Start of Dataset records

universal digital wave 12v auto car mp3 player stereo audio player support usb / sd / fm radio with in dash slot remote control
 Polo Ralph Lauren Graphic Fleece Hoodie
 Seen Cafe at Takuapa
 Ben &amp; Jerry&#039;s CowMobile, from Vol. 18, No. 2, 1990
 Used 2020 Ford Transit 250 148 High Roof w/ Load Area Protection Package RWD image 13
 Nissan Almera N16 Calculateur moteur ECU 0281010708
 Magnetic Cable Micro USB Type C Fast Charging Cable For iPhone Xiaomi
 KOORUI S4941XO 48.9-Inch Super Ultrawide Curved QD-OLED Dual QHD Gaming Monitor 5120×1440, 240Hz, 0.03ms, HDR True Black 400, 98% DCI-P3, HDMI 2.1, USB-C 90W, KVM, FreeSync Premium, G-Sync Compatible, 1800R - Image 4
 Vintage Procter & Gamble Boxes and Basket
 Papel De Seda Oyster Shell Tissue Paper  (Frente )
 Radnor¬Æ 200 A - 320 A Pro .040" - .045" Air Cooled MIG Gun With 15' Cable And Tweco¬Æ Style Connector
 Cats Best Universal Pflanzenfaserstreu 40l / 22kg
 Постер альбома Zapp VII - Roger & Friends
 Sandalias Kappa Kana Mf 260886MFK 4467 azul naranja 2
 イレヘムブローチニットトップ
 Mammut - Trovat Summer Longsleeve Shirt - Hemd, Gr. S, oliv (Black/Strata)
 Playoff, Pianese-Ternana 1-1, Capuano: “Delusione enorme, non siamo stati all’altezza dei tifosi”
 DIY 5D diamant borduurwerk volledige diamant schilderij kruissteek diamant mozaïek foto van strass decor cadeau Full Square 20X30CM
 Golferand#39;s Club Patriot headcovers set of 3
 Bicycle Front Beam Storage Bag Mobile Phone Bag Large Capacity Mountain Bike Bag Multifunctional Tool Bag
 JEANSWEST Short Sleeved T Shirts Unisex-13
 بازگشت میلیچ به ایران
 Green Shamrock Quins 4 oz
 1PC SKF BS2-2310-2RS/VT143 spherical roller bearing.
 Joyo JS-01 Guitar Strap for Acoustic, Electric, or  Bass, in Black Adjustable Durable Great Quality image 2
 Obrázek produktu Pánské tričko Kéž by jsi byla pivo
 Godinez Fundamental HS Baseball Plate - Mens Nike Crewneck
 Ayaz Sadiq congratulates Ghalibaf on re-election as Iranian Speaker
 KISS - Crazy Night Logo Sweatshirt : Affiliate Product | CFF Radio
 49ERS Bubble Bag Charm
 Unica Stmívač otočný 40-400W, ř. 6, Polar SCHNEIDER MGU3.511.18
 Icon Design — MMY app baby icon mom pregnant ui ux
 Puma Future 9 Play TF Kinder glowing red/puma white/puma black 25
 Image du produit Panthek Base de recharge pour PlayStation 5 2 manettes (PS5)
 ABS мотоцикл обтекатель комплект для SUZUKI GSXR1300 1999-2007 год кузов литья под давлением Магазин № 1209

End of Dataset records

__Work to be completed__
Search the entries for the line holding "Golferand#39;s Club Patriot". Return that line and the ones after it through the last, exactly.

__Exercise result__
 Golferand#39;s Club Patriot headcovers set of 3
 Bicycle Front Beam Storage Bag Mobile Phone Bag Large Capacity Mountain Bike Bag Multifunctional Tool Bag
 JEANSWEST Short Sleeved T Shirts Unisex-13
 بازگشت میلیچ به ایران
 Green Shamrock Quins 4 oz
 1PC SKF BS2-2310-2RS/VT143 spherical roller bearing.
 Joyo JS-01 Guitar Strap for Acoustic, Electric, or  Bass, in Black Adjustable Durable Great Quality image 2
 Obrázek produktu Pánské tričko Kéž by jsi byla pivo
 Godinez Fundamental HS Baseball Plate - Mens Nike Crewneck
 Ayaz Sadiq congratulates Ghalibaf on re-election as Iranian Speaker
 KISS - Crazy Night Logo Sweatshirt : Affiliate Product | CFF Radio
 49ERS Bubble Bag Charm
 Unica Stmívač otočný 40-400W, ř. 6, Polar SCHNEIDER MGU3.511.18
 Icon Design — MMY app baby icon mom pregnant ui ux
 Puma Future 9 Play TF Kinder glowing red/puma white/puma black 25
 Image du produit Panthek Base de recharge pour PlayStation 5 2 manettes (PS5)
 ABS мотоцикл обтекатель комплект для SUZUKI GSXR1300 1999-2007 год кузов литья под давлением Магазин № 1209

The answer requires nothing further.